三眼によれば、実は西暦525年の村人たちは正体不明の屍疫に追い詰められるあまりに白大の家族を惨殺して食らってしまったそうです。時代を考えれば十分にあり得ることです。内容の残虐性もさることながら、サイコホラー的な演出にも抜群の迫力があります。村人が殺害を思い立ったシーンなど思わず息を飲みました。

生き延びた白大は三眼の瀕死の体と丹薬を利用して何かしようとしています。しかしそのことがかえって後世まで彼の名を貶めているデマを膨らませてしまうのでしょう。

白大は主人公である高皓光の遥か過去の人間です。これから凄惨な暴力の連鎖の果てに亡くなったとしても、自分としてはその悲劇を「お話」として割り切って味わうことができます。ただし彼の顛末が、主人公である高皓光や白小小の未来にに及ぼそうとしている影響については、心が寒くなるものがあります。

おしゃべりな屍者

三眼が自分から謎の事情について詳しく語りだしたことは少々残念です。メタ視点からは西暦1906年の伝承と西暦525年の事実の食い違いという謎を知ってはいても、作中の人物は誰もその謎の存在自体を知りようがない状態だったのですからなおさらです。自分としてはできれば高皓光の活躍によって謎に迫ってほしかったです。せめて白小小の歌っていた童謡に実はヒントがあるなどして、メタ視点からでもいいので謎解きを楽しみたいところがありました。

しかしこの後に高皓光の大活躍が待っているのでしたら話は別です。三眼が村の悲劇について語りだしたのは、高皓光たちや白小小を含む村人の悪意をじわじわと育てるためでしょう。大きくなる苗木を見るのが趣味というのはそうした彼の性根を示しているようです。このまま三眼の思い通りになるのは癪なので、どうにか高皓光の活躍でやり込めてほしいです。それに三眼は自分が姜明子と互角に戦ったように語るなど話に脚色を加えていますし、まだ本当の真実はわかりません。

死の因果

白大が村人たちで人体実験を行い死なせたというデマは、1000年以上先の子孫である白小小たちが迫害される原因になってしまいました。デマが伝承される一方、三眼が現れるまで村人は自分の家も含めて家族のように暮らしてきたと白小小は語ります。
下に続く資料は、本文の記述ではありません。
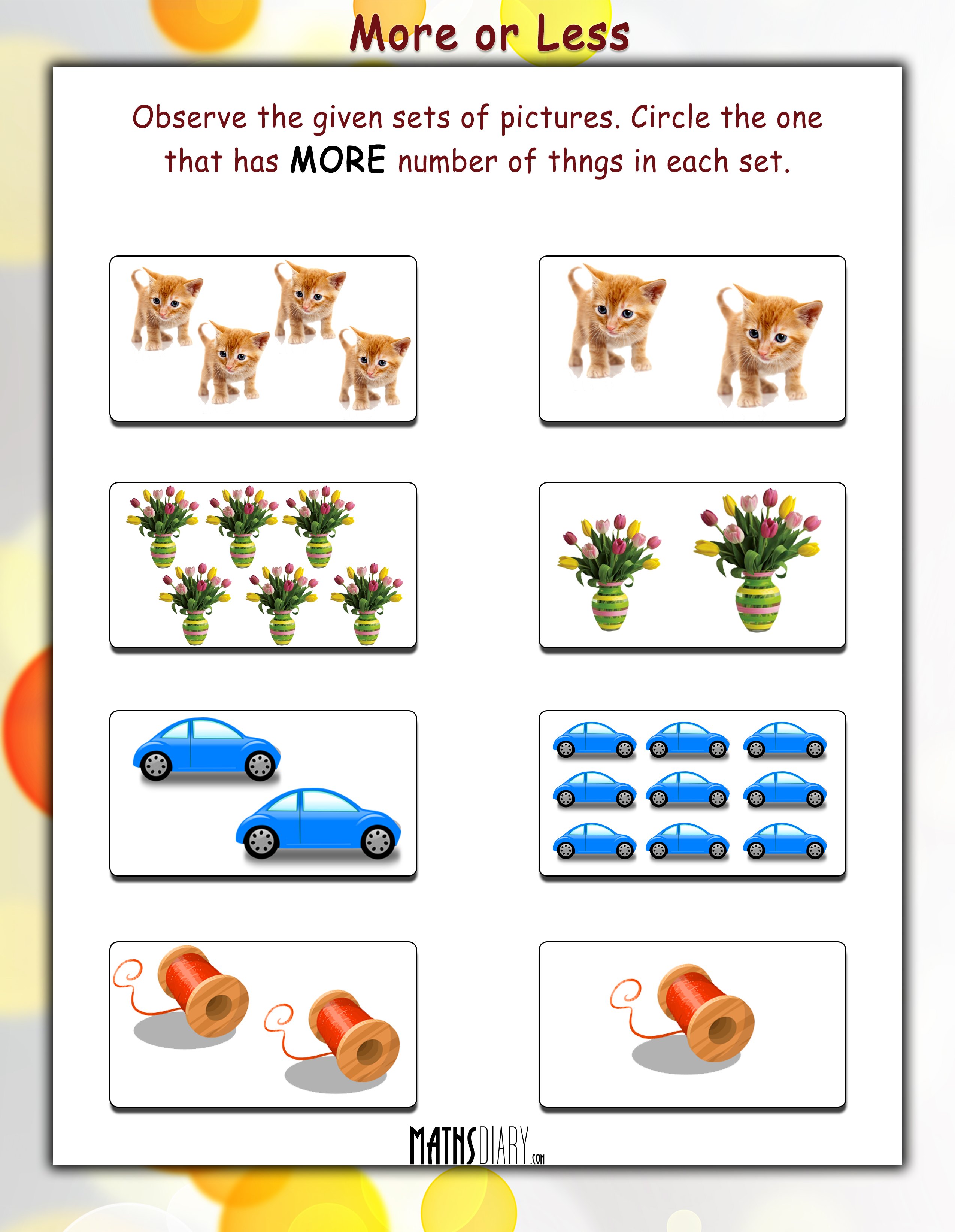 More Or Less Worksheets For Kindergarten Printable Kindergarten Worksheets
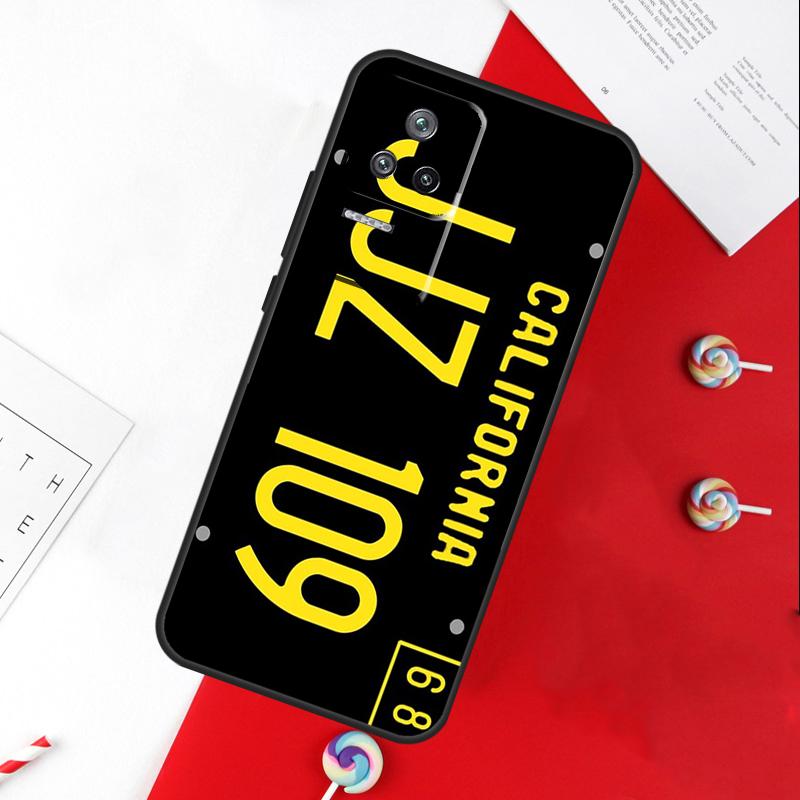 License Plate Number Cover For Xiaomi 13T 11T 12T 14T Pro 13 14 15 Ultra POCO X7 Pro X3 X5 X6 F5 F6 M6 Pro Case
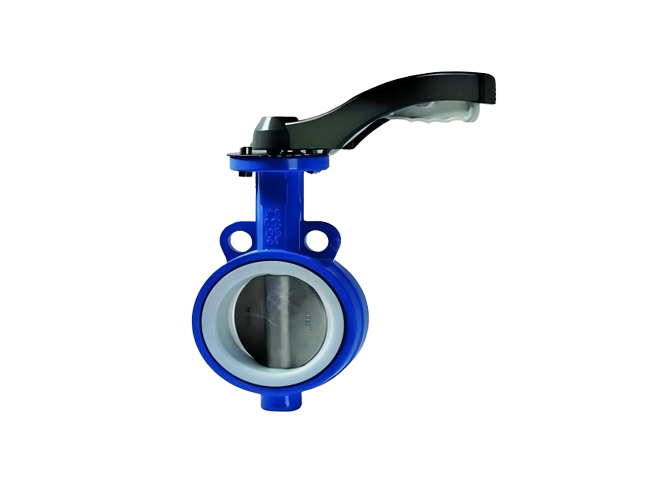 Wafer-type semi-lined fluorine butterfly valve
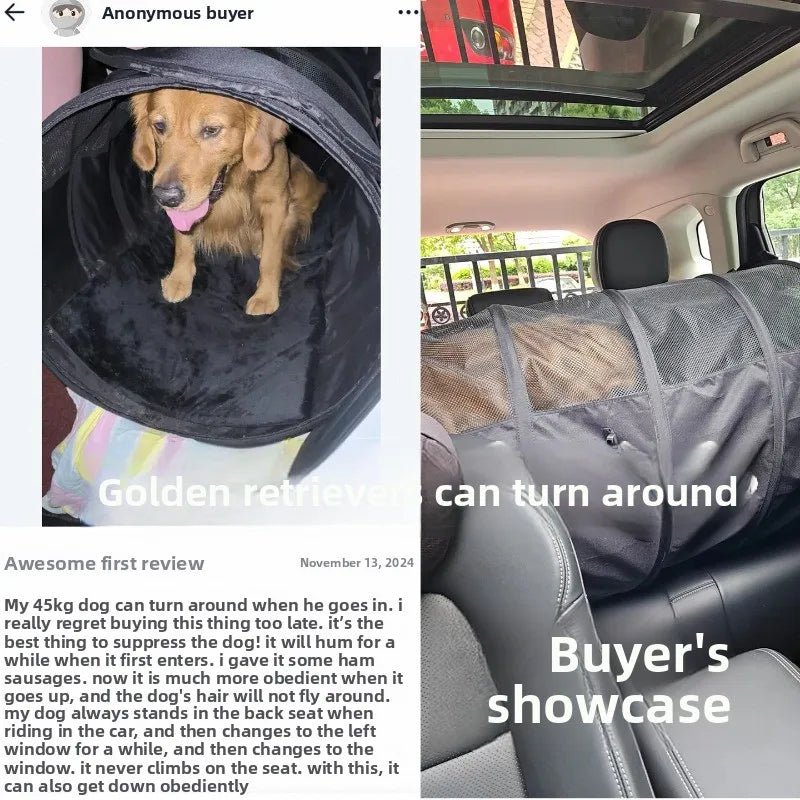 Large Car Dog Crate for Backseat (Foldable, Golden Retriever, Breathable)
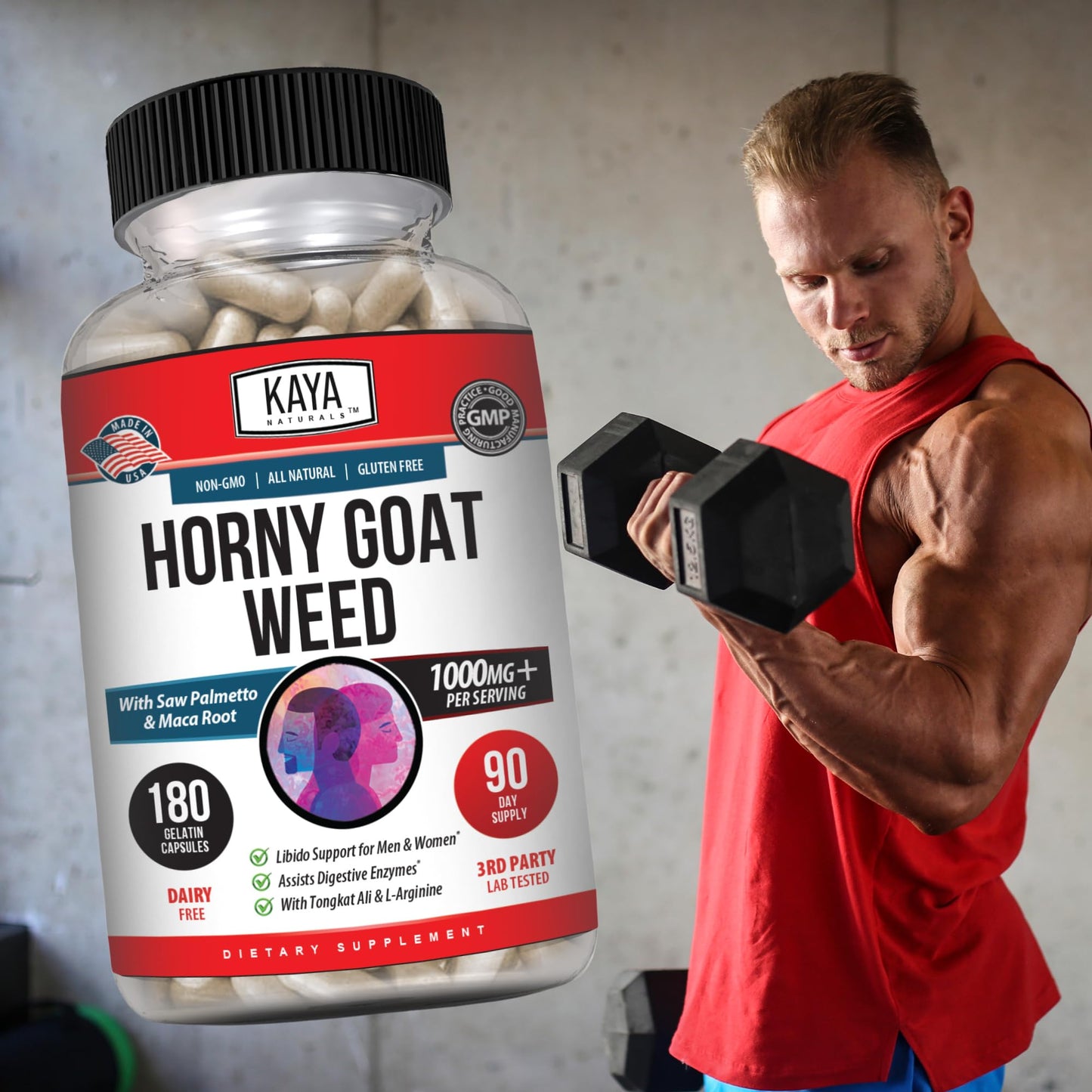 Kaya Naturals Horny Goat Weed Extract – Extra Strength Complex with Maca, Saw Palmetto, Ginseng, Arginine | 180 Count
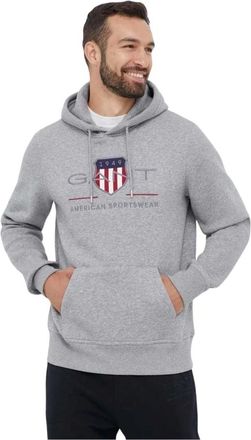 GANT Archive Shield Hoodie - Heren - Hoodies - Grijs - 2XL - Katoen - Hoodies & sweatvesten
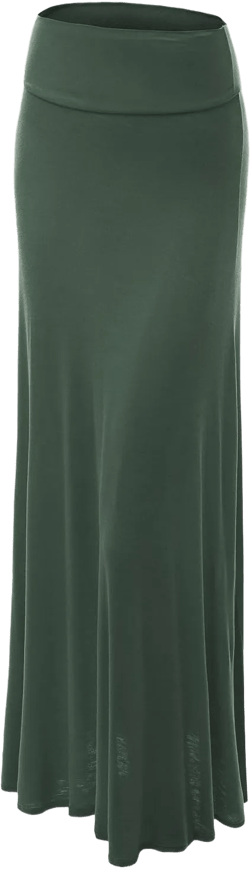 Lock and Love Women's Casual High Waist Solid/Tie Dye Fold Over Flowy Long Maxi Skirt XX-Large Wb670_olive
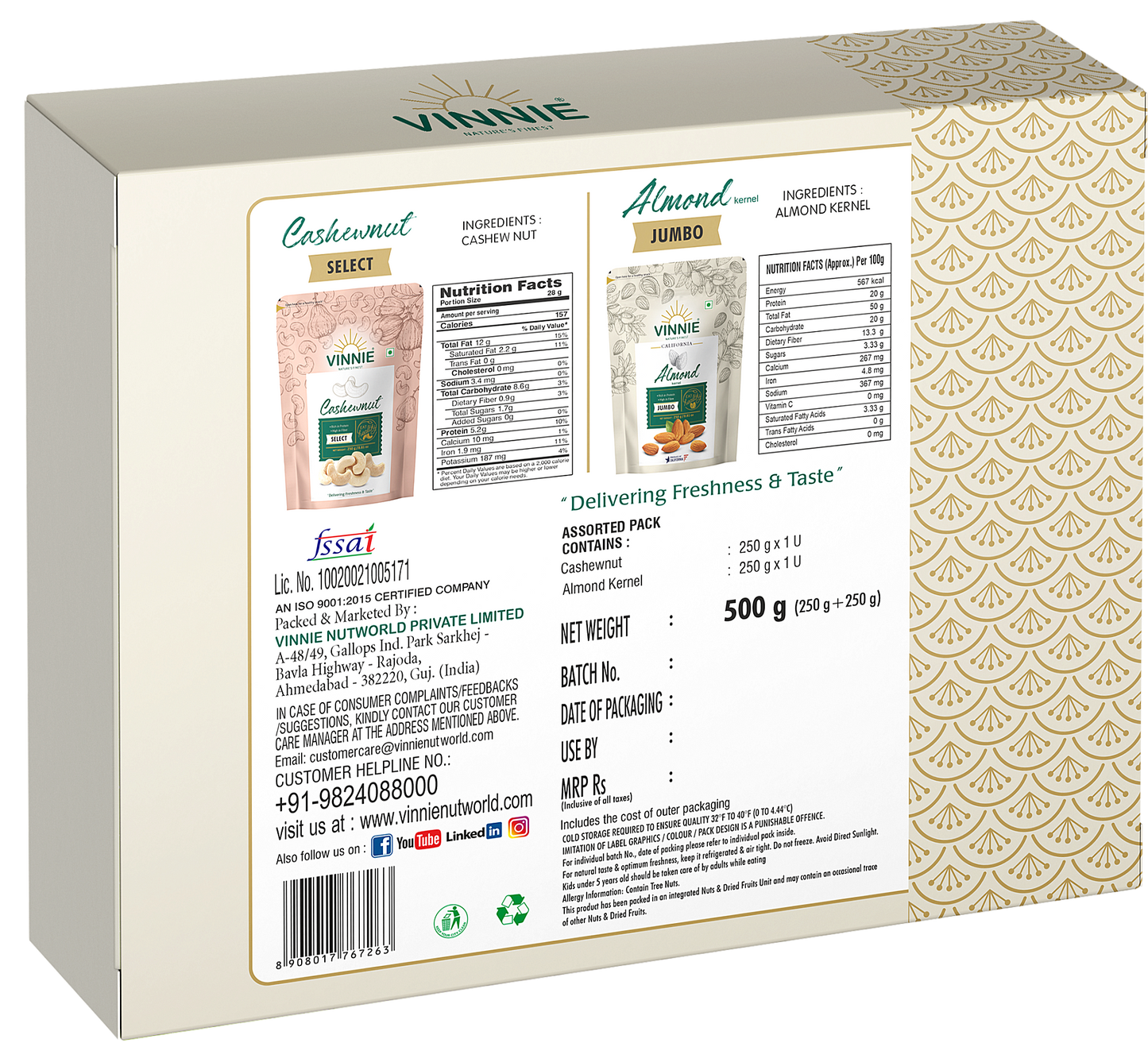 Vinnie Premium Dry Fruit Gift Box - 500gm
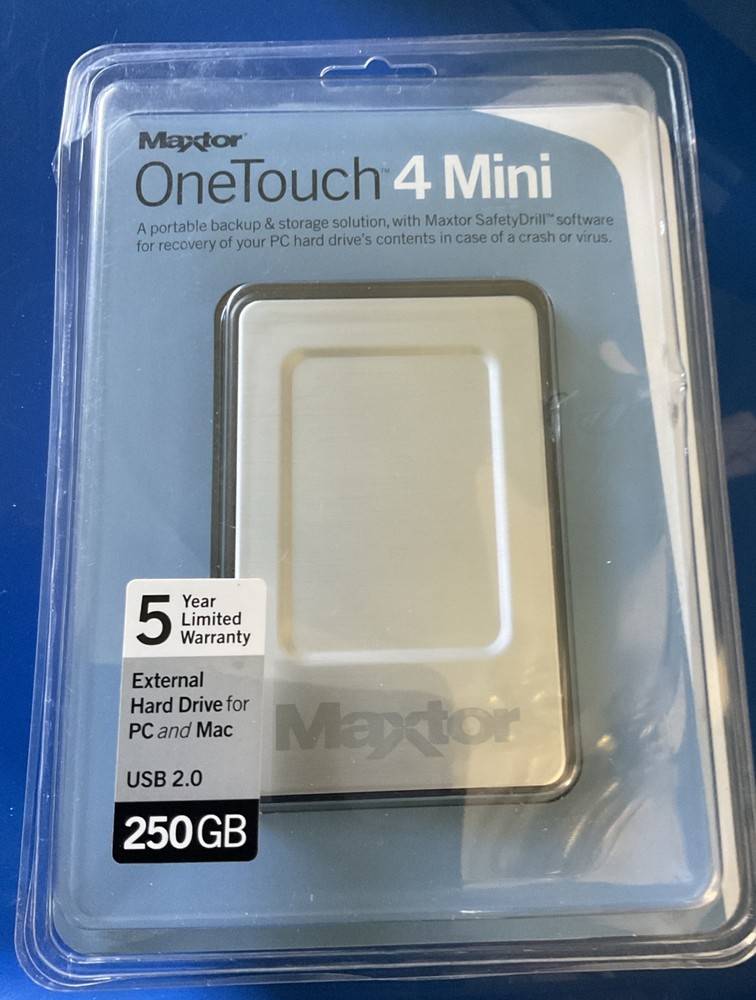 Maxtor One Touch 4 Mini Portable Backup And Storage Solution 250 GB NIB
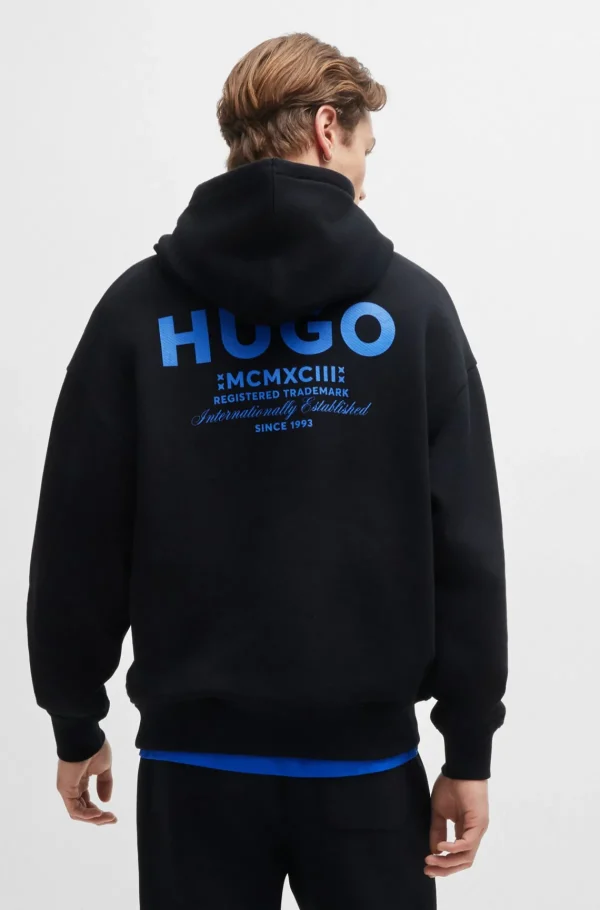 HUGO BOSS Sweats E Hoodies>Camisola Com Capuz De Ajuste Largo Em Terry De Algodão Com Detalhes De Logótipo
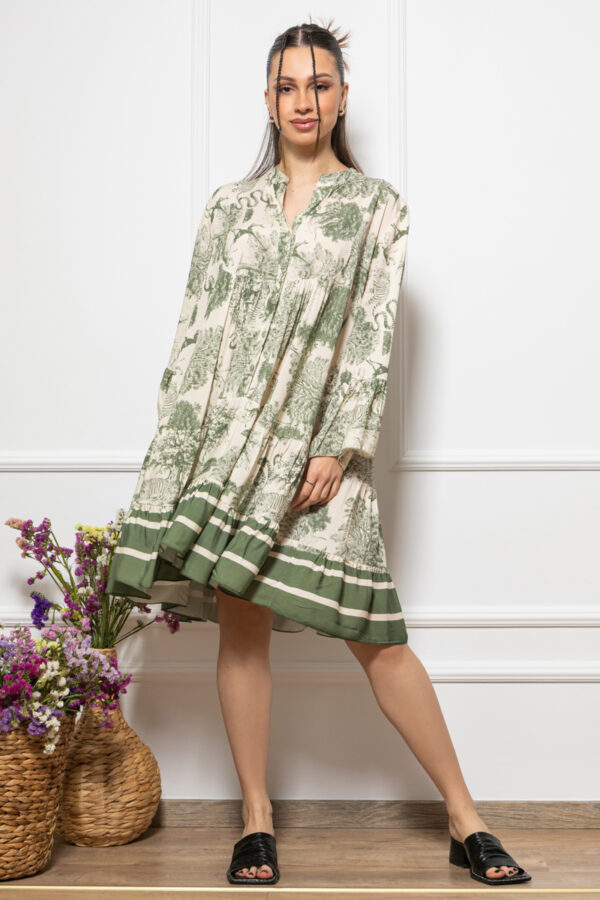 Φόρεμα japanese ριχτό με πτυχές χακί 10260-209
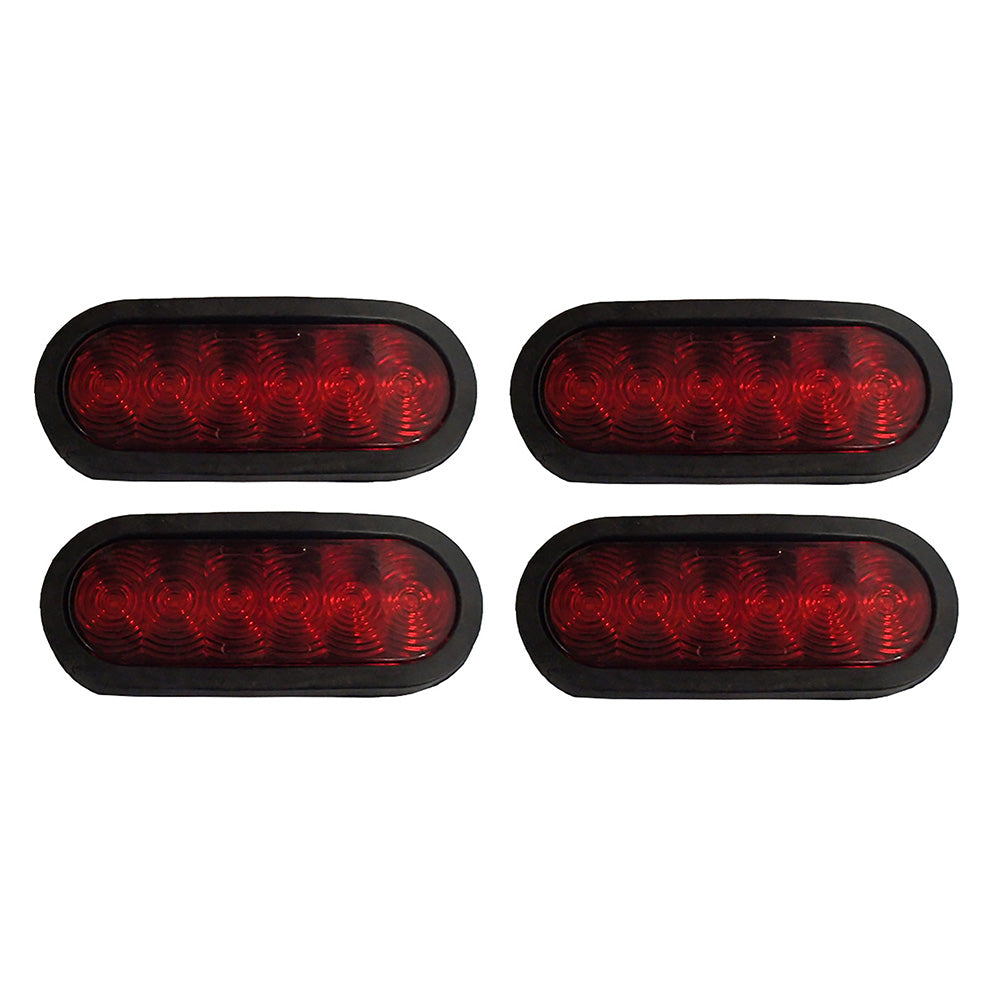 T66-RR0T-1 Qty 4: 6" Red Oval LED Light Kit Fits Universal Products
だからあくまでデマは生贄を選ぶための口実として再認識されたのだと考えられます。白大の家族が少しのきっかけから惨殺されたのと同じです。

ただ、先祖が罪を犯したのだから自分たちは罪を償わなければならないと白小小が一貫して言い続けていたことは、この局面では大変危険です。白小小は村のためにもそう思い込もうと努めてきたのでしょう。歴史や血族関係を重んじる文化的な背景もあります。しかし加害者被害者関係が逆転した現状では、先祖の因果応報という考え方は三眼が村人たちを弄ぶ格好の口実にされかねません。

私はたとえ本当に先祖が罪を犯していたとしても、白小小の一家に村人が生贄の役目を押し付けたことはやはり卑怯だと思います。だから逆に、先祖が罪を犯していようが村人をその点で罪に問うことは理不尽であるはずです。もちろん村人たちの卑怯な行いは咎められるべきです。白小小もこの村にはとても置いていけませんし、身の振り方を考える必要があります。しかしそれは元凶であり実際の仇でもある三眼を倒した後で改めて考えるべきことでしょう。

そうすると、三眼に立ち向かおうとしている高皓光が村人から縛られてしまい、何もできずにいる現状が本当にもどかしいです。今この場で村人の神経を逆撫でし続けることはどう考えても不利になるばかりですが、ただ法術が使えるだけの子供だった高皓光に多くを望むのは酷ですし、正義感自体はまっとうなものだけに、難しい問題です。